Karl Robinson, manager of MK Dons, goes to a behavioural expert. He cited one example where he’d tried to make eyeball contact with a player who was performing badly and called him a prick – he wouldn’t return his gaze. The expert told him to be careful, because you don’t know what’s happened to this lad in his upbringing. He might come from an abusive background – your anger might impact and damage him. Anyway, what’s the point of screaming and shouting? If you don’t believe me, try this at home: think about a really important decision you need to make, one that could affect your job or family – and scream your lungs out at the same time. It doesn’t work, it’s a distraction.

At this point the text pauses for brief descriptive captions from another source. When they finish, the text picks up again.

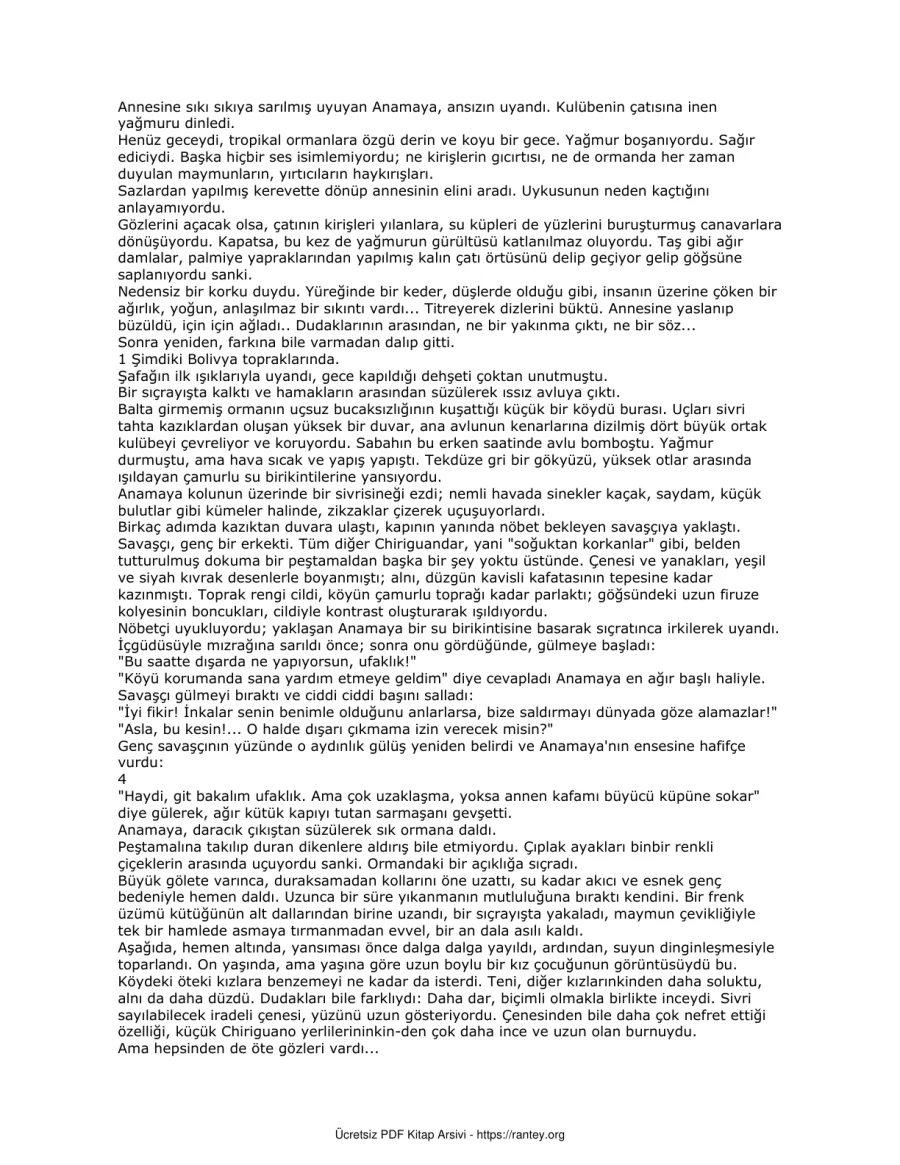 Inka Serisi kapak görseli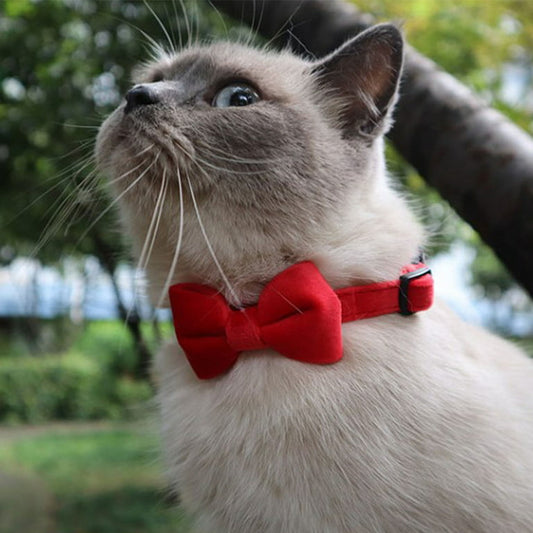a cute cat wearing a cute red velvet bowtie collar outfit 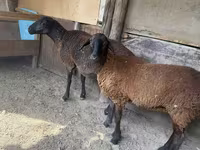 نعجة, Karakul sheep — الصورة 1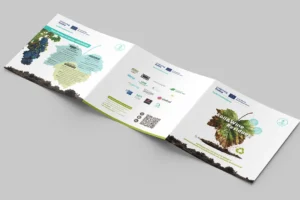 Folleto-informativo-2026
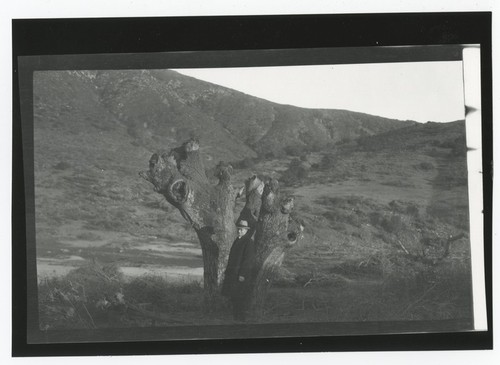 Man standing by tree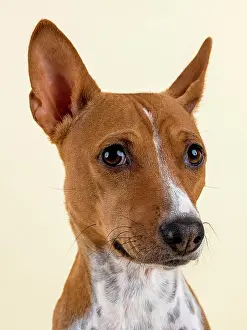 Basenji: Basenji or Congo Terrier (Canis lupus familiaris)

Is being a manager easier these days?

The opposite. Last season, there were no fewer than 62 managerial changes out of 92 clubs. 47 were sacked, 15 resigned. The average tenure of a manager is less than 15 months. Shaun Derry, who was manager of Notts County for 18 months, told me about his sixth game in charge. He’d had a tough start to the season and he looked behind him at the club chairman’s “guest” seats and saw 17 unemployed managers sitting there, all willing him to fail so they could have his job. It was like a row of vultures. The pressure is mental.

Who copes with it best?

Paul Tisdale, the manager at Exeter City, is very strong. He’s actually the second-longest serving manager in the English league, after Arsène Wenger. He told me what it’s like when you’re 1-0 down and there’s only ten minutes to go. The crowd are bellowing at the players to get stuck in, but you have to block them out and make decisions that you know will get you booed. You have to take off the bloke who’s hurling himself into tackles but not actually doing much positive. His feeling is that the crowd think about football for two hours a week, but he thinks about it for 16 hours a day.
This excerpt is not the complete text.